**YOUR GOAL:**
I need the records below restated word for word, without their pictures.

**TASK INPUT:**
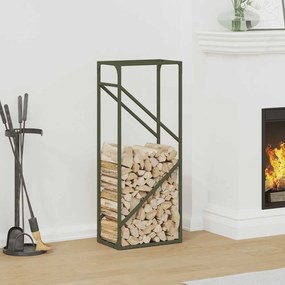 Rastrelliera Per Legna Da Ardere Verde Oliva 40x25x100 Cm /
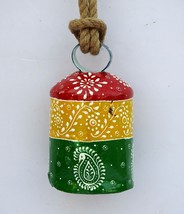 Vintage Swiss Cow Bell Metal Decorative Emboss Hand Painted Farm Animal BELL529 - £38.15 GBP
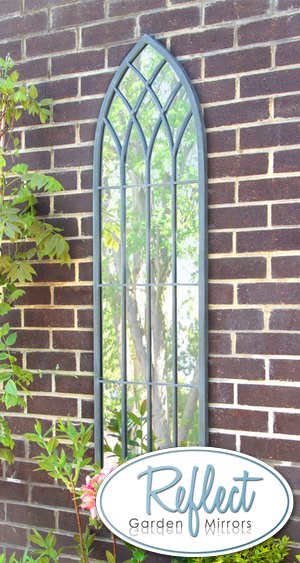 4ft 7in x 1ft 3in Metal Gothic Glass Garden Mirror - by Reflect™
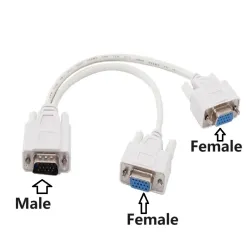VGA SVGA - 1 naar 2 monitoren - mannelijk naar 2 dual vrouwelijk Y - 15-pins - adapter - splitterkabelKabels
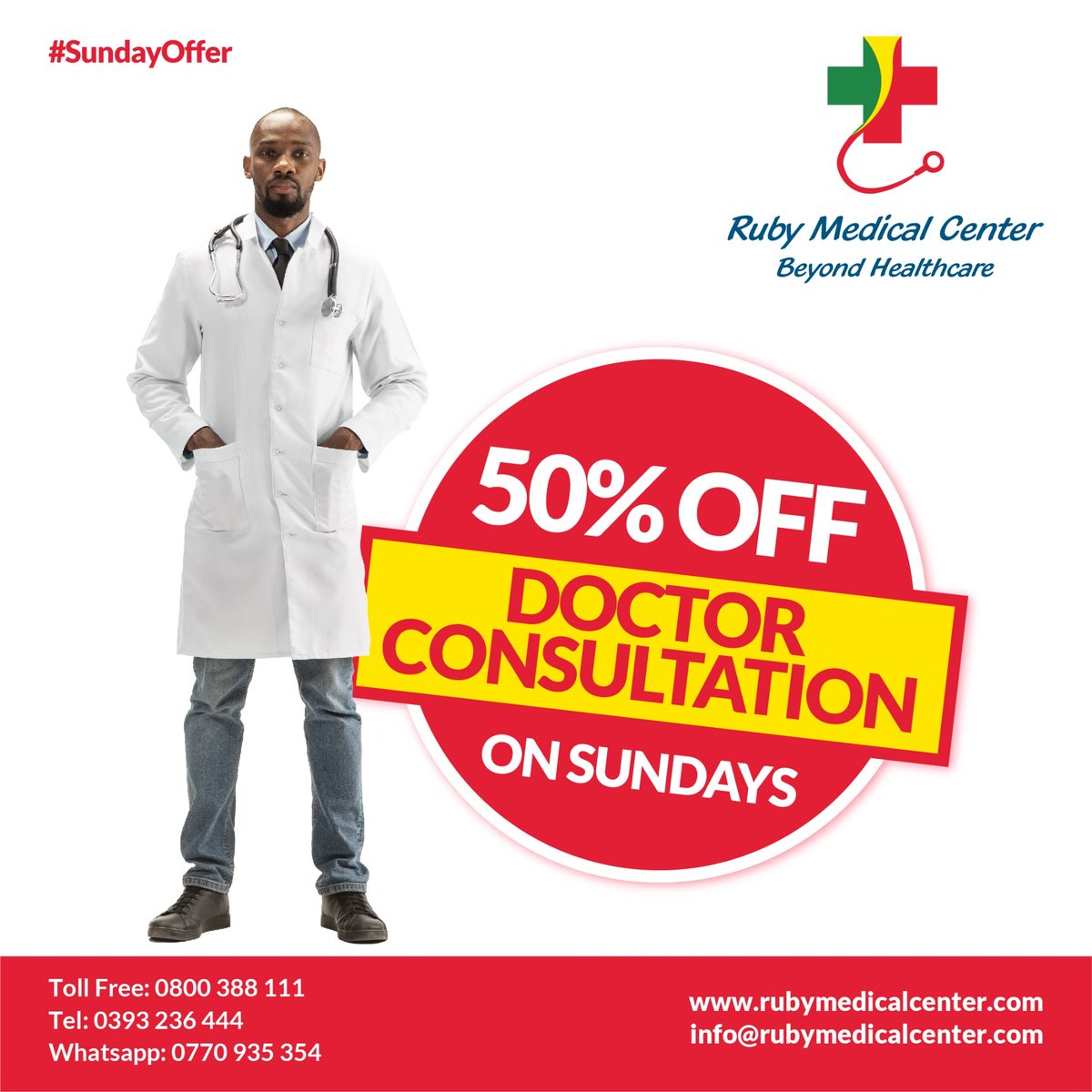 RubyhospitalUg's tweet photo. From this Sunday, 15th May, 2022 onwards, every Sunday receive 50% discount for Doctor (GP) Consultations at Ruby Medical Center. Book an appointment or simply come to the hospital and experience our hospitality and service.
#RubyMedicalCenter
#BeyondHealthCare
#Sundayoffer https://t.co/cn6TDTbDv0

**RESULT OF THIS TASK:**
 Rastrelliera Per Legna Da Ardere Verde Oliva 40x25x100 Cm /
 Vintage Swiss Cow Bell Metal Decorative Emboss Hand Painted Farm Animal BELL529 - £38.15 GBP
 4ft 7in x 1ft 3in Metal Gothic Glass Garden Mirror - by Reflect™
VGA SVGA - 1 naar 2 monitoren - mannelijk naar 2 dual vrouwelijk Y - 15-pins - adapter - splitterkabelKabels
 RubyhospitalUg's tweet photo. From this Sunday, 15th May, 2022 onwards, every Sunday receive 50% discount for Doctor (GP) Consultations at Ruby Medical Center. Book an appointment or simply come to the hospital and experience our hospitality and service.
#RubyMedicalCenter
#BeyondHealthCare
#Sundayoffer https://t.co/cn6TDTbDv0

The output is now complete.